The conversion occured while the reactor was refurbished (1991-1995).  On restarting the reactor there were fewer instruments due to a reorganisation. Most still were using DEC computers, and the data conversion was performed on the central VMS cluster.
The staff departures, encouraged during the long shutdown, resulted in a number of scientists busy in software development for their own use being markedly diminished as they either retired early, or left for active science elsewhere. New replacements (in 1995) were not used to the “crude” third generation software tools and adopted packages, notably IDL, MatLab and Igor, which provided GUI interfaces and basic mathematical functionality. These proprietary systems were expensive, and initially the programs could not be exported easily, unlike the halcyon days of the VMS systems, where the executables could be shared and run anywhere.
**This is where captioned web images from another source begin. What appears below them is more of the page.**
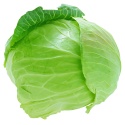 Cabbage (Mboga) /PIECE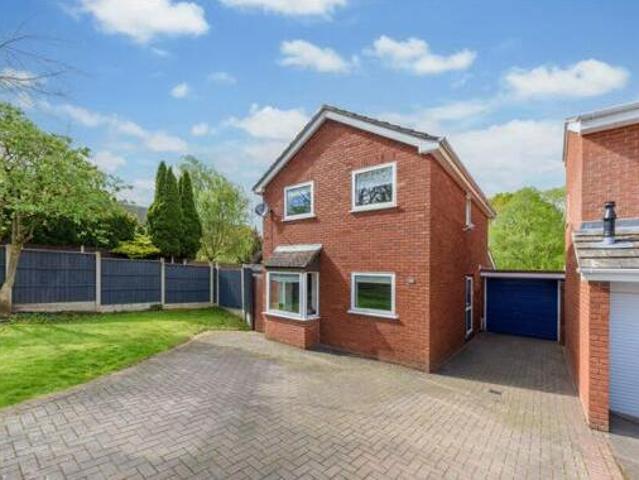 House for sale in Spennells, Rushock
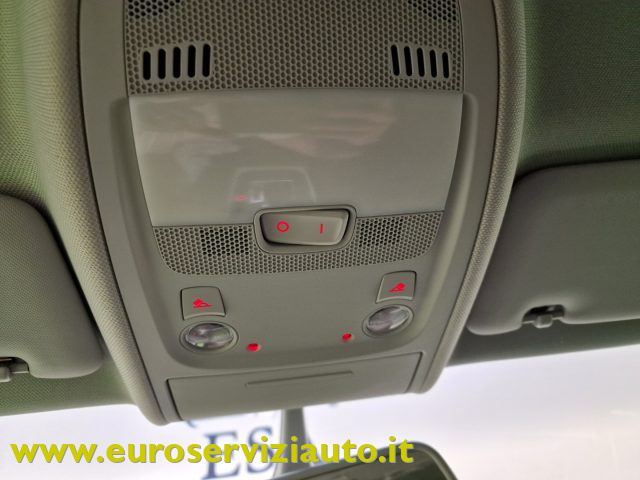 AUDI A4 usata, con Start/Stop Automatico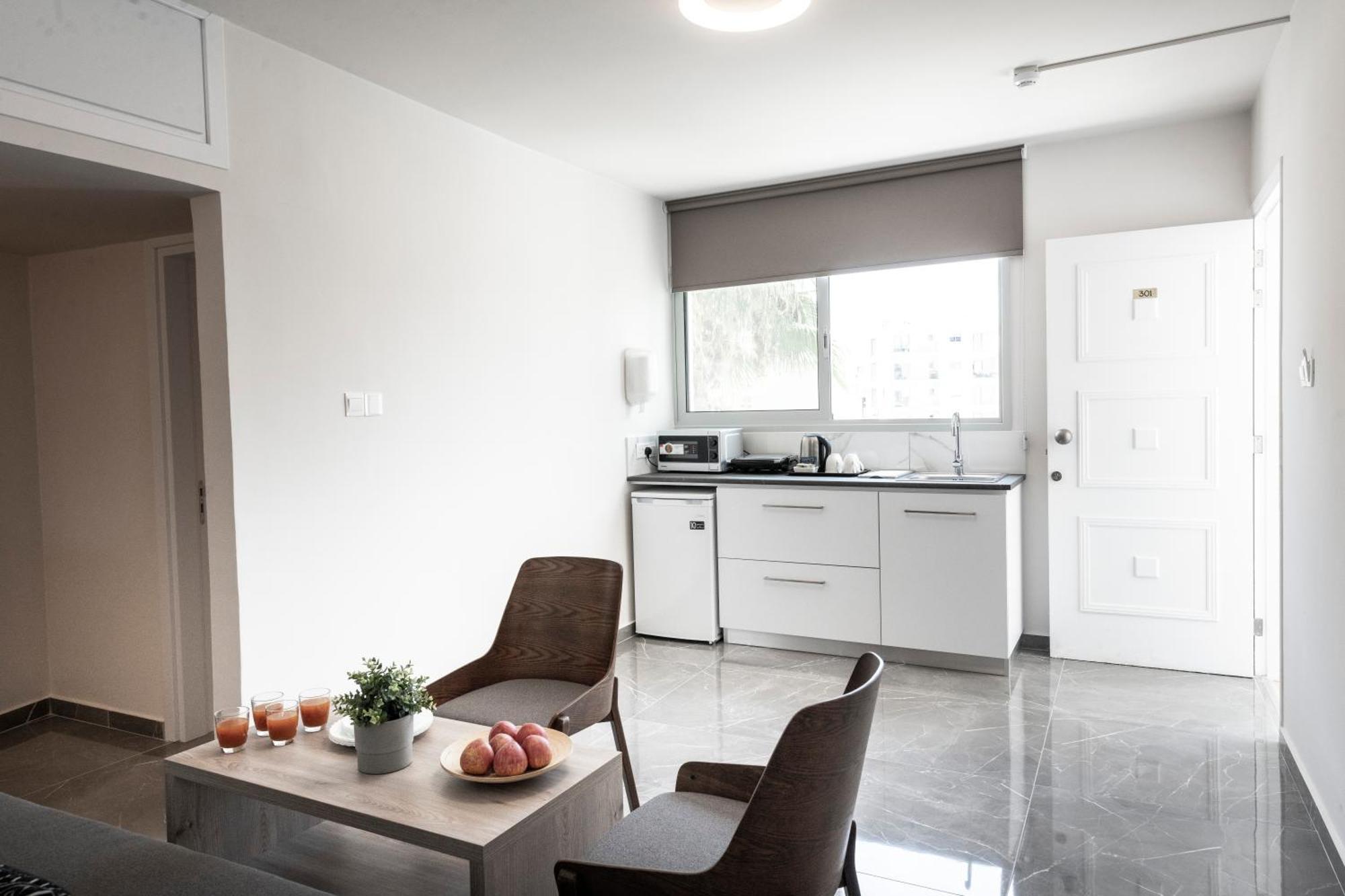 Suite Familiale Deluxe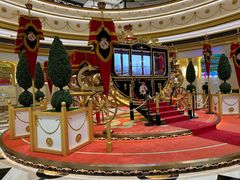 -澳门喜来登大酒店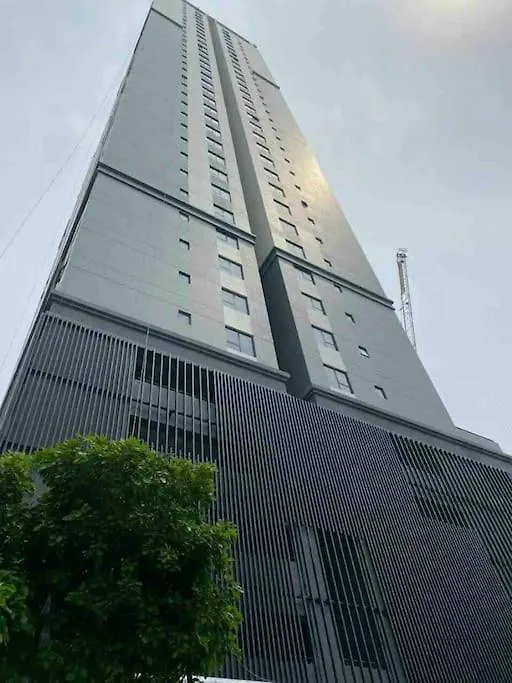 Modern, Cozy Home Near Bui Vien Walking St-Soho Ho Chi Minh Wietnam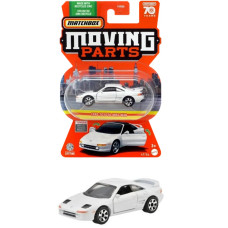 Машинка Хот Вилс Matchbox 1990 Toyota MR2 W20 FWD28 HLG32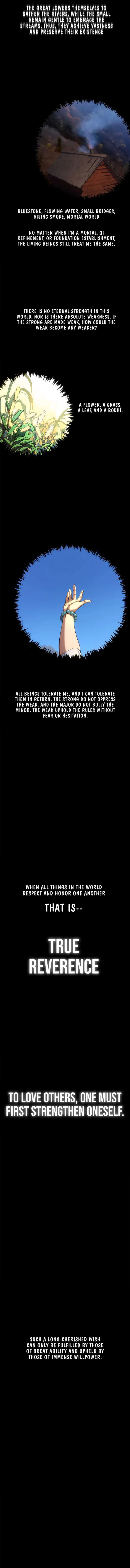 Read Top Tier Providence Manga Online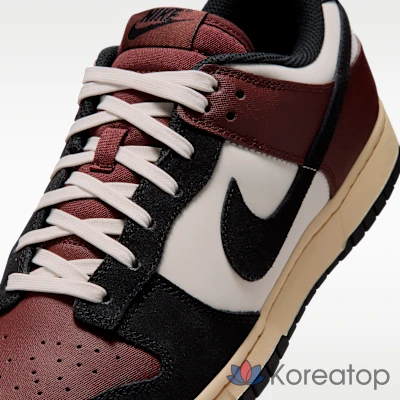 Кроссовки детские Nike Dunk Low LV8 1, фото 7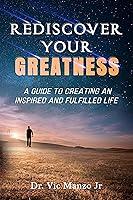 Algopix Similar Product 20 - Rediscover Your Greatness Powerful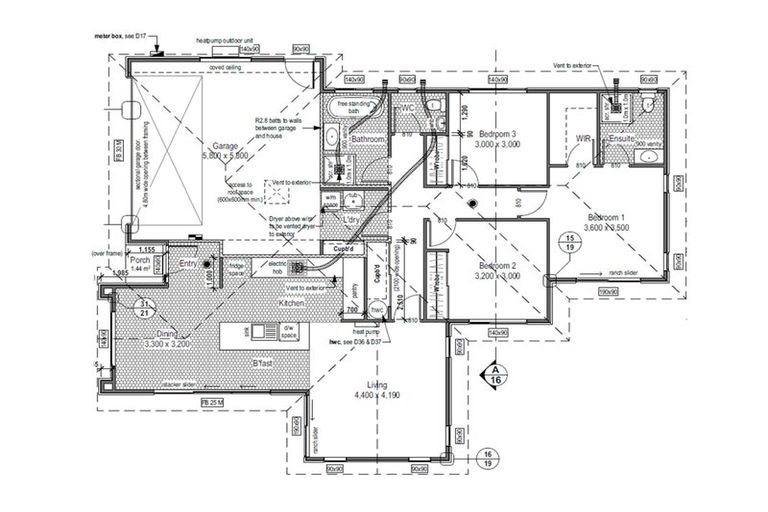 Photo of property in 241 Racecourse Road, Allenton, 7700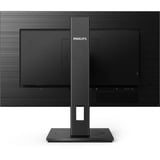 Philips B Line 278B1/00 pantalla para PC 68,6 cm (27") 3840 x 2160 Pixeles 4K Ultra HD LED Negro, Monitor LED negro, 68,6 cm (27"), 3840 x 2160 Pixeles, 4K Ultra HD, LED, 4 ms, Negro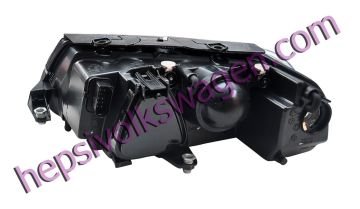 Sağ Far 3B0941016AN 4411142RLDEM Passat (2001-2005)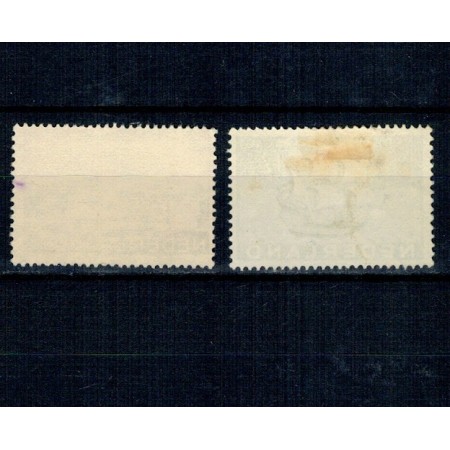 Olanda 1934 - Aniversare Curacao, vapoare, serie Olanda 1934 - Aniversare Curacao, vapoare, serie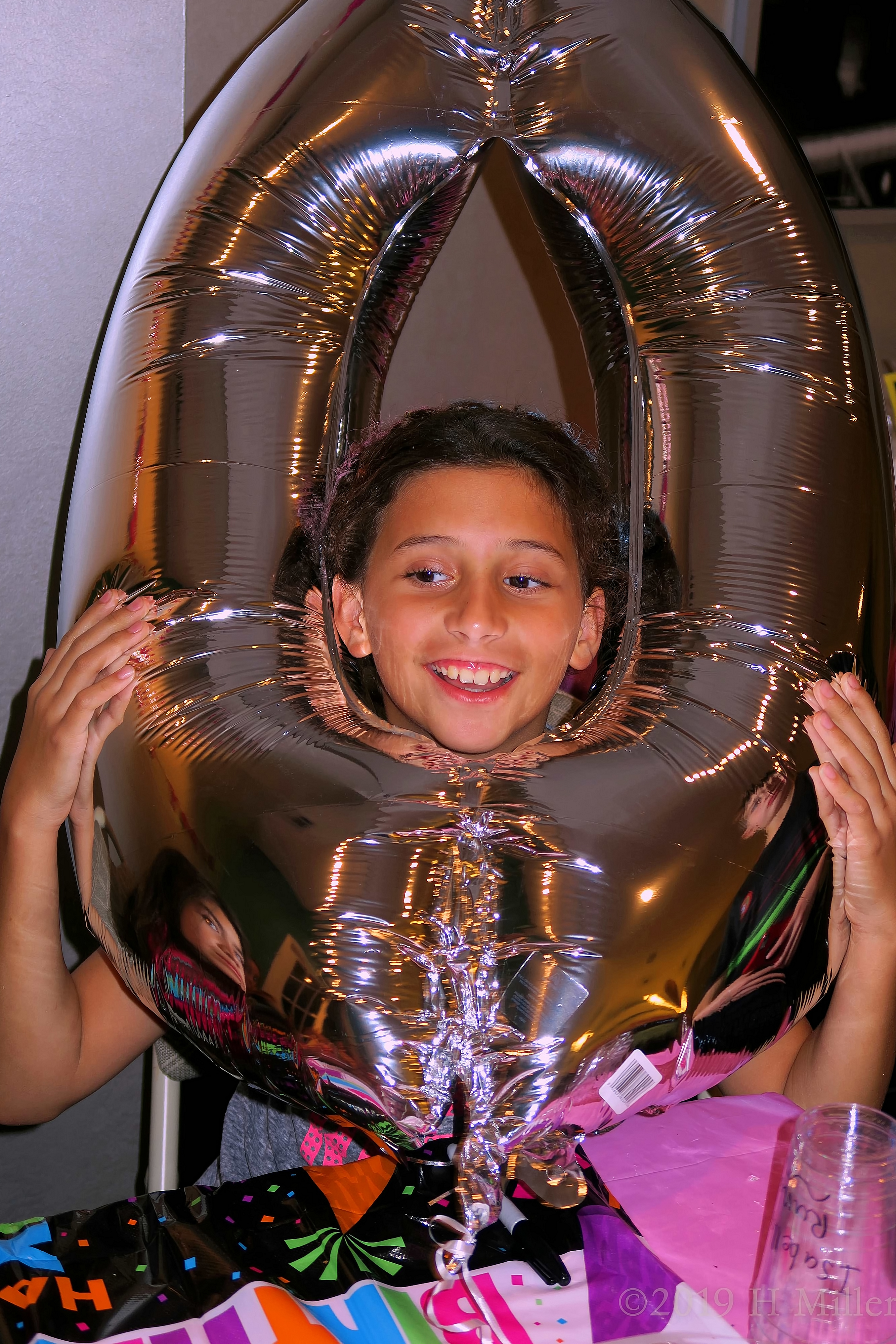 Hailey's Girls Spa Birthday Party In New Jersey Gallery 1 4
A great deal of time was spent on the GUI, rather than developing the underlying scientific analysis.

Personal computers

The rapid drop in price of workstations, especially after about 2000, when Linux started to be introduced on desktop PCs lead to the unheard of power of offering each scientist his own workstation. From a total computing capacity of some 500 MIPS on the Central AXP cluster in 1993 it was possible to envisage each scientist having similar computing power on their own desks. Some software systems were examined, where this unused power at night could be shared, but for the most part the type of computation done at the ILL were not so time consuming. Crystallographic problems which had run overnight in the 1970s could be completed within a few minutes on modern machines.

Typical RISC CPU speeds in 1995 were 300-500MHz. It is more difficult to compare with the VAX CISC instructions which rarely exceeded 20MHz! Graphical interfaces were capable of huge consumption of this resource; two X-window scrolling terminal windows which overlapped required considerable cpu power to evaluate whether it was necessary to update every pixel in the two windows. With the advances of graphics processors under Microsoft Windows there were even more attributes per pixel to consider, and again much of the processor was consumed in this activity, as was most programming effort. After the restart in 1995 instruments were changed to Unix using DEC OSF AXP-114 computers, then twin-cpu IBM-PCs running linux; electronics were addressed through ethernet links.